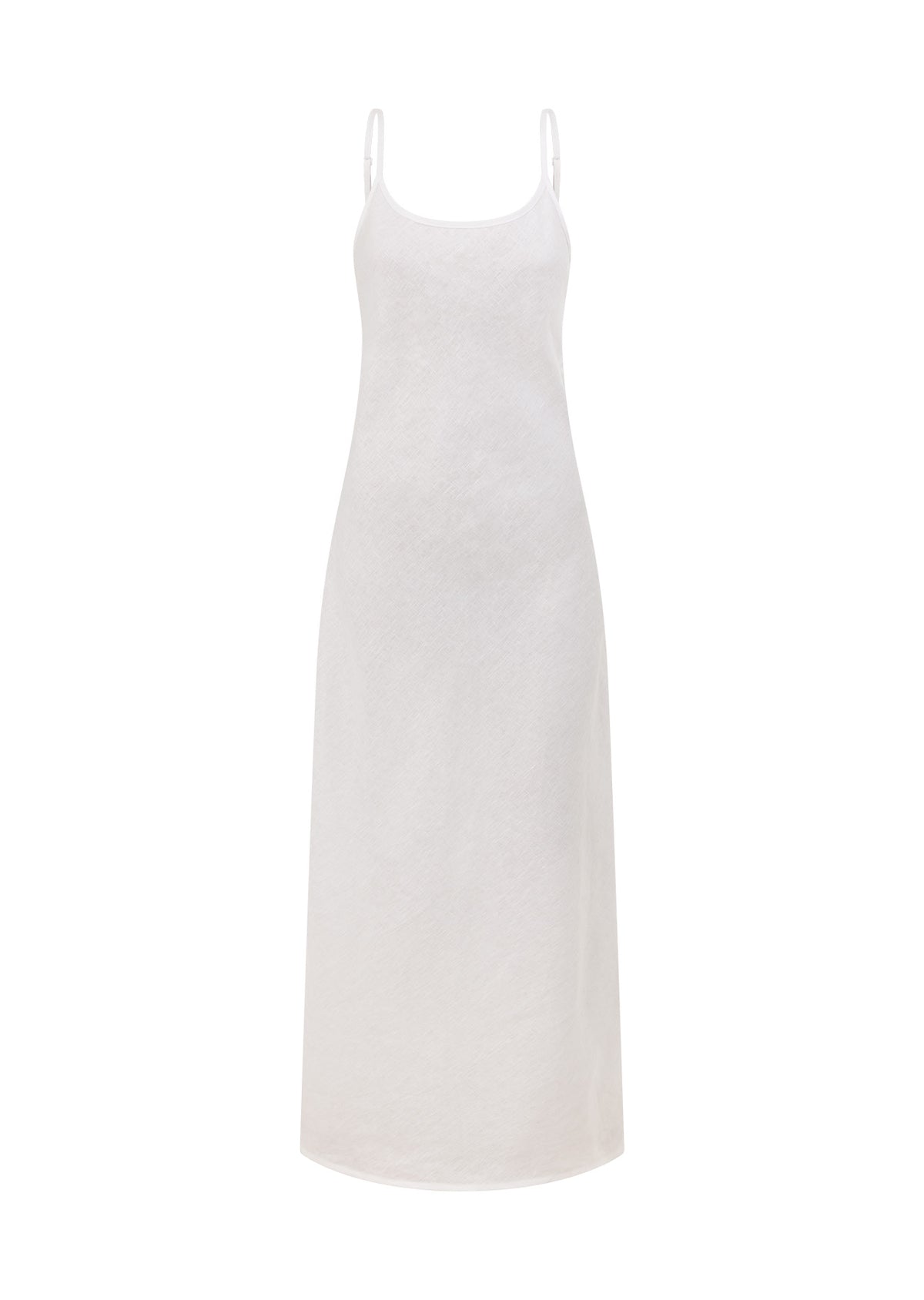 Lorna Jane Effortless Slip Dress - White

* * *

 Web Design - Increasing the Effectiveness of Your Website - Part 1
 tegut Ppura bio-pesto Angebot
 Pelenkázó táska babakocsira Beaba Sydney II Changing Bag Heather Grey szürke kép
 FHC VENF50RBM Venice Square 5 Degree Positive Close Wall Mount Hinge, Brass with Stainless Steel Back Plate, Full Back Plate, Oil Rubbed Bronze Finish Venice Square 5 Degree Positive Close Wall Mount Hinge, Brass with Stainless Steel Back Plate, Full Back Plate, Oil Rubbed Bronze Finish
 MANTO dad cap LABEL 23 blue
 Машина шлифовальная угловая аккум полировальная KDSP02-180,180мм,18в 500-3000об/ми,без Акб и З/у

*INSTRUCTIONS FOR THE TASK*: Would you print exactly, and only, the lines of the data above from the line with "Web Design - Increasing" through the line with "Pelenkázó táska babakocsira", inclusive?

*OUTPUT OF THE EXERCISE*:
 Web Design - Increasing the Effectiveness of Your Website - Part 1
 tegut Ppura bio-pesto Angebot
 Pelenkázó táska babakocsira Beaba Sydney II Changing Bag Heather Grey szürke kép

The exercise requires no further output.